## Aim of the exercise
A word-for-word copy of the entries, with images excluded, is the expected answer.

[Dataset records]
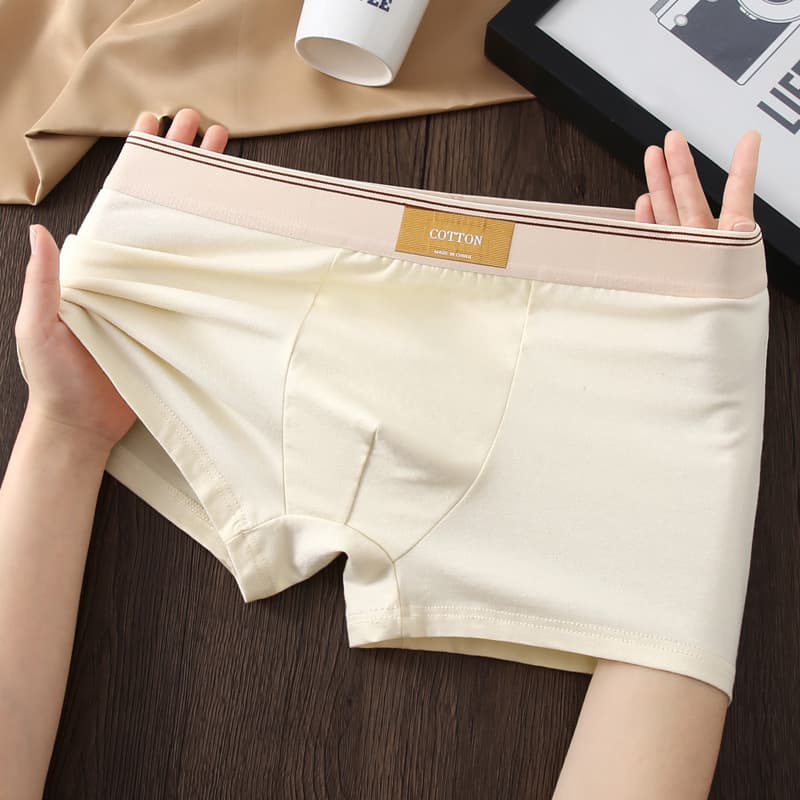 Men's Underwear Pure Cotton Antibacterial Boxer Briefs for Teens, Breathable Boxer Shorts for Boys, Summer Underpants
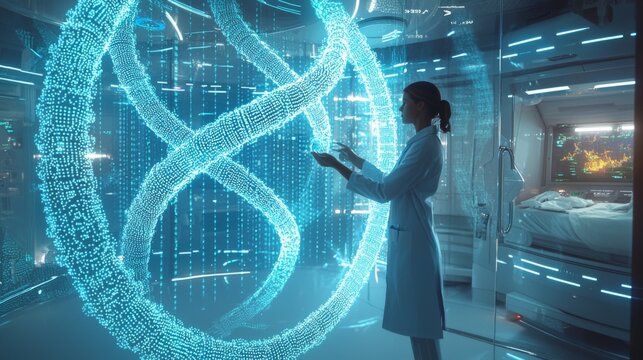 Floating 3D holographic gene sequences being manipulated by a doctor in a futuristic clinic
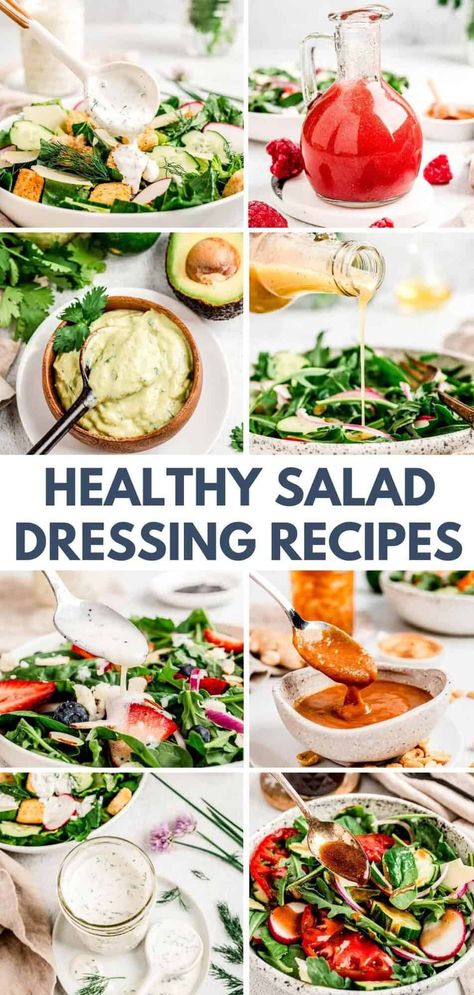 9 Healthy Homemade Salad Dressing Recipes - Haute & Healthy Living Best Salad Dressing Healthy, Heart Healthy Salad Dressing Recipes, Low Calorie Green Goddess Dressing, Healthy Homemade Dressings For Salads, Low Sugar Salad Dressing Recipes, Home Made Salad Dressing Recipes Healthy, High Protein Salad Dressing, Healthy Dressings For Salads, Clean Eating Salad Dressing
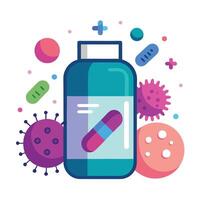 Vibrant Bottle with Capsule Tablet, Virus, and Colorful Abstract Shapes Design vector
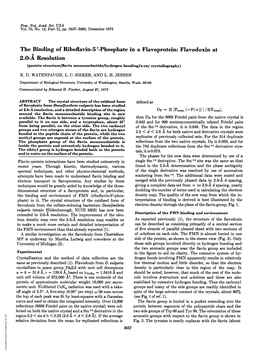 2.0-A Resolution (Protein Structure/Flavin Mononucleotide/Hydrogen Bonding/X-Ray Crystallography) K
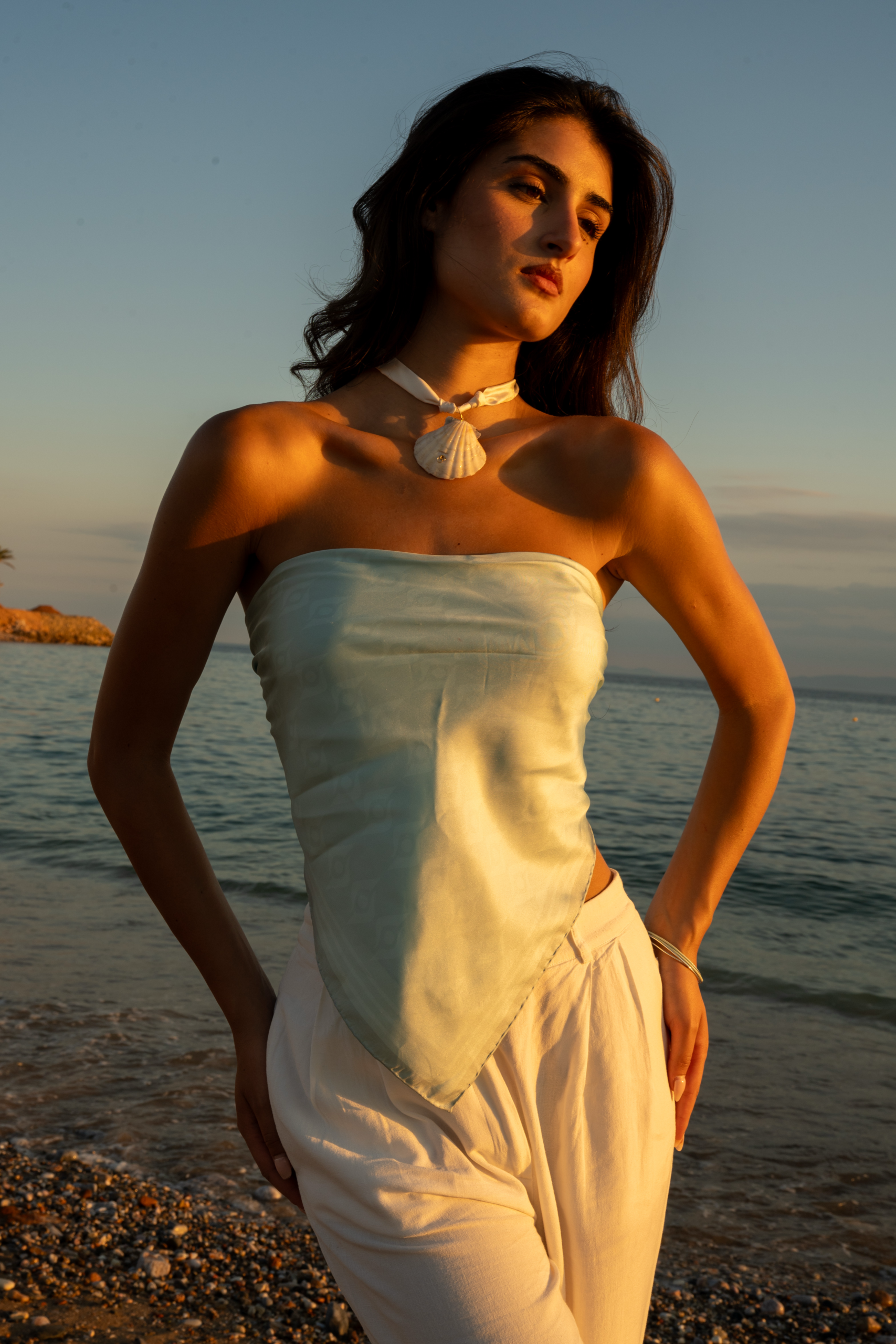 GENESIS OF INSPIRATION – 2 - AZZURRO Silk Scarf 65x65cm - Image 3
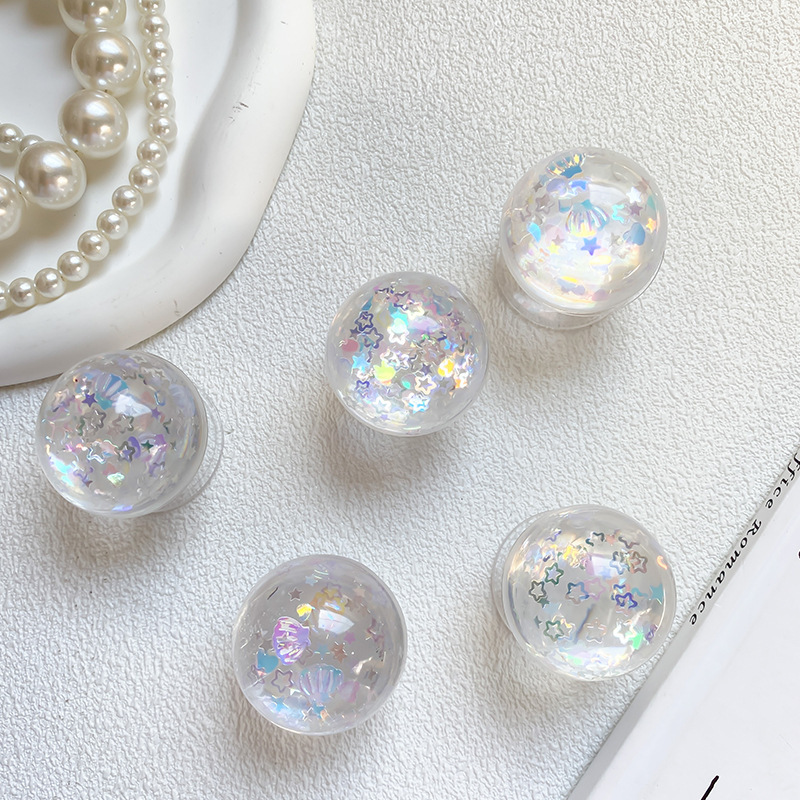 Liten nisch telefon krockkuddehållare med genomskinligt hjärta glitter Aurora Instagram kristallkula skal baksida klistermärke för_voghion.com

## Response for this exercise
 Men's Underwear Pure Cotton Antibacterial Boxer Briefs for Teens, Breathable Boxer Shorts for Boys, Summer Underpants
 Floating 3D holographic gene sequences being manipulated by a doctor in a futuristic clinic
 9 Healthy Homemade Salad Dressing Recipes - Haute & Healthy Living Best Salad Dressing Healthy, Heart Healthy Salad Dressing Recipes, Low Calorie Green Goddess Dressing, Healthy Homemade Dressings For Salads, Low Sugar Salad Dressing Recipes, Home Made Salad Dressing Recipes Healthy, High Protein Salad Dressing, Healthy Dressings For Salads, Clean Eating Salad Dressing
 Vibrant Bottle with Capsule Tablet, Virus, and Colorful Abstract Shapes Design vector
 2.0-A Resolution (Protein Structure/Flavin Mononucleotide/Hydrogen Bonding/X-Ray Crystallography) K
 GENESIS OF INSPIRATION – 2 - AZZURRO Silk Scarf 65x65cm - Image 3
 Liten nisch telefon krockkuddehållare med genomskinligt hjärta glitter Aurora Instagram kristallkula skal baksida klistermärke för_voghion.com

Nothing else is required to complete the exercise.